High School Students from Miyagi Prefecture Travel to Texas on the TOMODACHI NAJAS Dallas Sendai Young Ambassadors Program
From August 3 to 11, 2015, six high school students from Miyagi Prefecture traveled to Dallas, Texas for an exchange program through the 2015 TOMODACHI Dallas-Sendai Young Ambassadors Program, which was implemented by the National Association of Japan America Societies (NAJAS). During their week in Dallas, the students, otherwise known as the Young Ambassadors, stayed with a host family and participated in activities aimed at further developing their teamwork, leadership, and communication skills.
The trip kicked off with an Official Welcoming by the Mayor Pro Tem Monica Alonzo at the Dallas City Hall.
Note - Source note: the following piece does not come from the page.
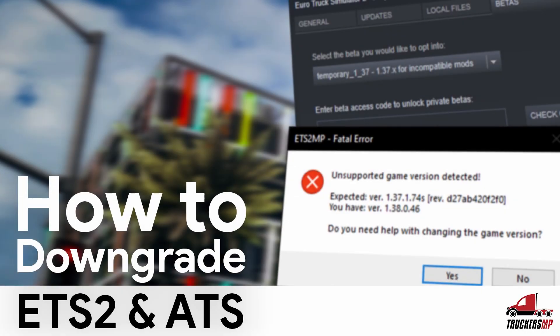Hey everyone, I'm Matt, a community manager here at TruckersMP. We get many questions whenever a new update comes out for either Euro Truck Simulator 2 or American Truck Simulator about when we will support it on TruckersMP and how to downgrade.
There, the students had the opportunity to learn about the Dallas City Government from Beth Huddleston, executive vice president of the World Affairs Council of Dallas/Fort Worth, and John Stich, President of the Japan America Society of Dallas/Fort Worth. In addition to meeting influential leaders, the Young Ambassadors toured prominent cultural sites, including the George W. Bush Presidential Library and Museum and the Sixth Floor Museum about the assassination of President John F. Kennedy. They also took part in a bison hayride at the Fort Worth Nature Preserve.
Yet the students did not visit Texas just to learn about American culture—they also went to share with the people of Dallas some aspects of Japanese culture and their perspectives on the Tohoku recovery process. At the Scottish Rite Children’s Hospital, the Young Ambassadors participated in a volunteer project where they got to share Tanabata decorations with some of the young patients. They also had the opportunity to engage in “dialogue circles” or group discussions at the University of Texas in Dallas. These “dialogue circles” were centered on cultural perceptions and sparked friendships and understanding between the Japanese and North Texan students.
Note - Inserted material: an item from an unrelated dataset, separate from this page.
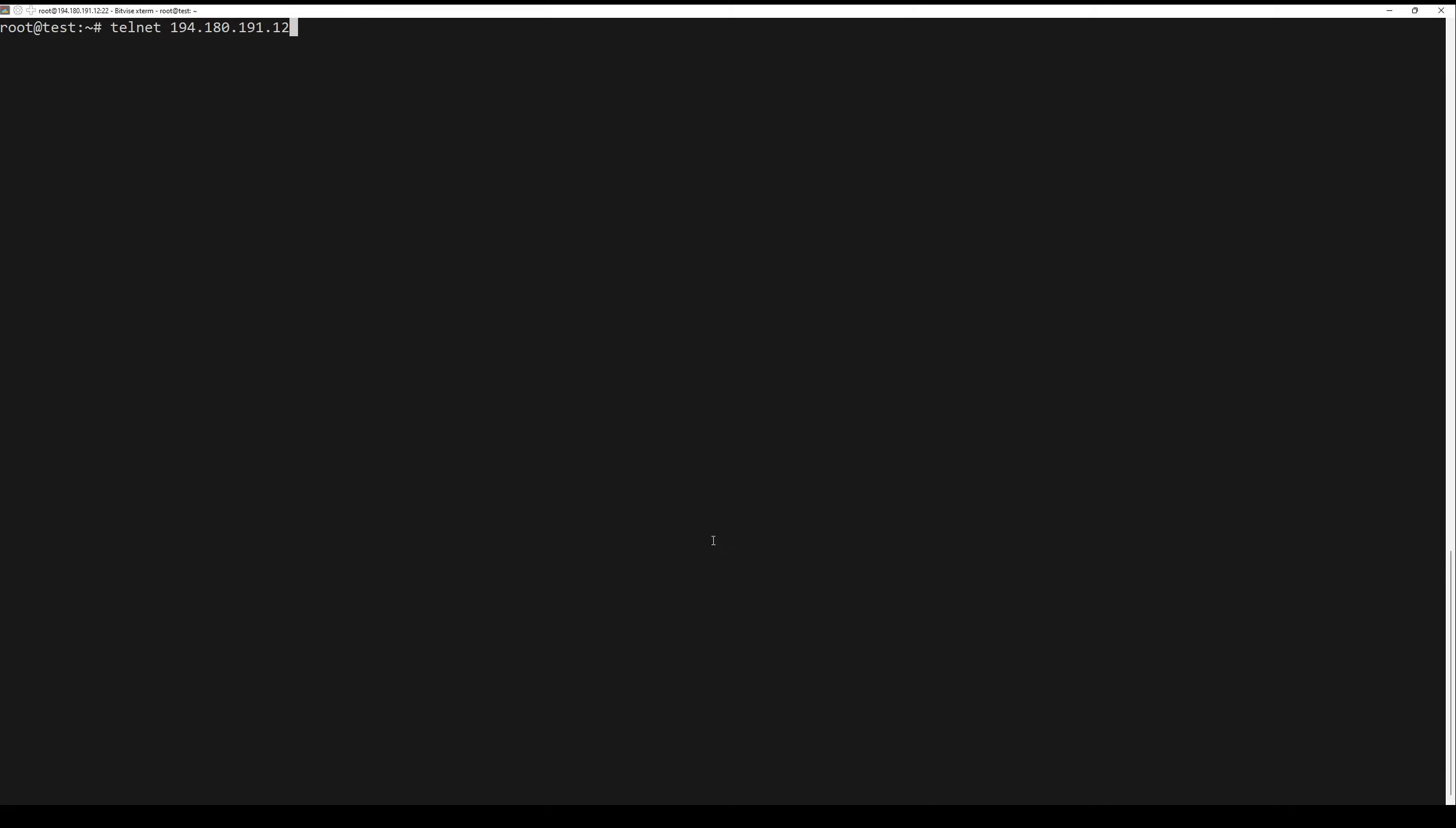Telnet server is now installed and listening on port 23. It's time to connect to telnet server from a remote system. Now login to another Ubuntu system and run the following command.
Young Ambassador Kana Nemoto claimed that the trip represented “the most fulfilling 9 days of (her) life so far.” She also expressed, “I’m happy I had the opportunity to teach so many people about Sendai and the earthquake. Through the interactions with my host family and other students in Dallas, we were able not only to deepen our understanding about each other’s cultures, but to forge bonds of the heart that transcend national borders. I want to share this experience with as many people as possible, and from now on, I hope to continue to strengthen the ties between Japan and the U.S. as a Young Ambassador.”
The Young Ambassadors returned to Tokyo with deeper cross-cultural understanding, life-long friends, and new motivations. As Young Ambassador Shintaro Hayashi expressed, “through this trip, I truly understood how large the world is. I hadn’t considered studying abroad before, but now my interest has been piqued. I want to continue sharing Sendai with people across the world.”